PHAC recognizes the importance of integrating this management accountability framework with the Agency's Management, Resources and Results Structure (MRRS) and the resulting Program Activity Architecture (PAA). Given that many of the Agency's internal management structures are still under development, this integration is not yet possible, but will be pursued now that Treasury Board has approved the PAA.

PHAC will report annually to Parliament on the SDS's implementation through its Departmental Performance Report. This second and more comprehensive SDS, rather than the first SDS deposited with the Clerk of the House of Commons in August 2006, will form the basis for reporting.

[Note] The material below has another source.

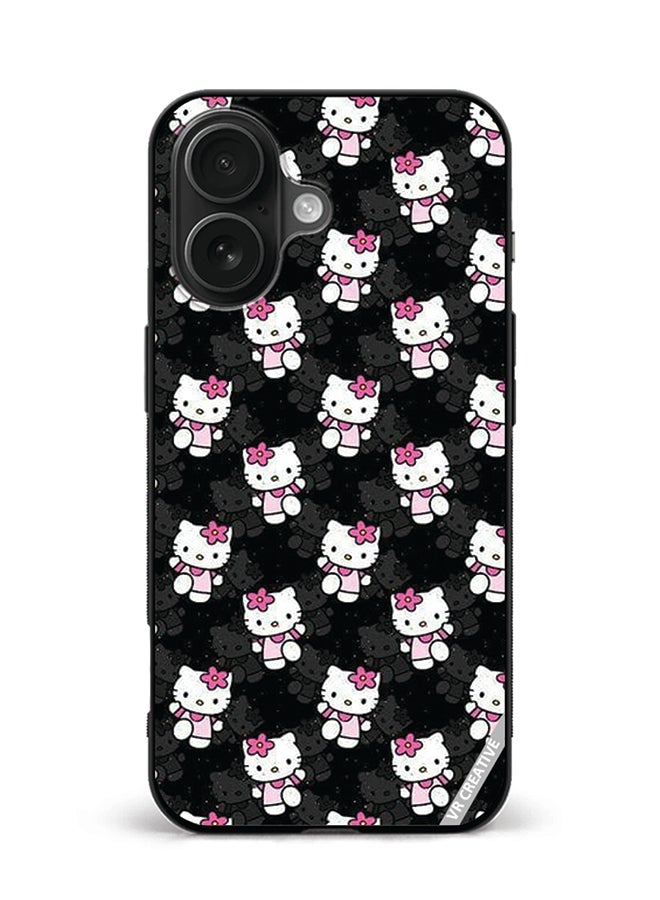 غطاء حماية لجهاز آبل آيفون 16 بتصميم هالو كيتي متعدد الألوان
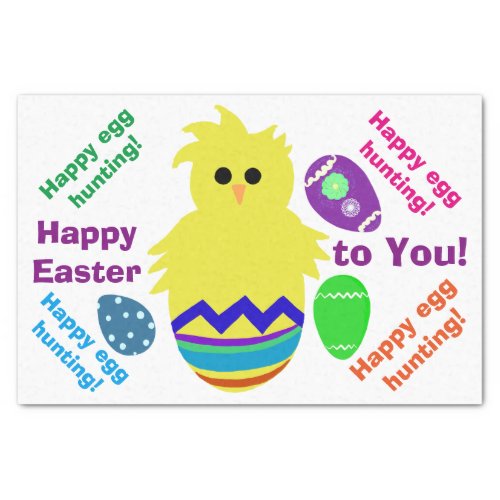 Happy Easter Happy Egg Hunting Chick Eggs Tissue Paper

PHAC's Office of Sustainable Development has overall responsibility for reporting on SD performance measurement to PHAC's Management Committee. OSD provides the necessary tool for collecting and analyzing performance measurement information; it will issue regular call letters to all working group members with responsibility for accomplishing particular targets to update information in the tracking tools.

Performance will be assessed against results-based indicators developed for each of the targets
(Table 1). While the emphasis of this report is currently on process or output indicators, the Agency has provided some outcome indicators, and will be working over the next three years to improve and define the indicators to ensure that they are results-based (eg. value for money, accountability, transparent and effective management). PHAC will review the strategy's implementation before preparation of its next SDS . Conducting reviews on a three-year cycle facilitates a continuous improvement approach to implementing the SDS in the Agency.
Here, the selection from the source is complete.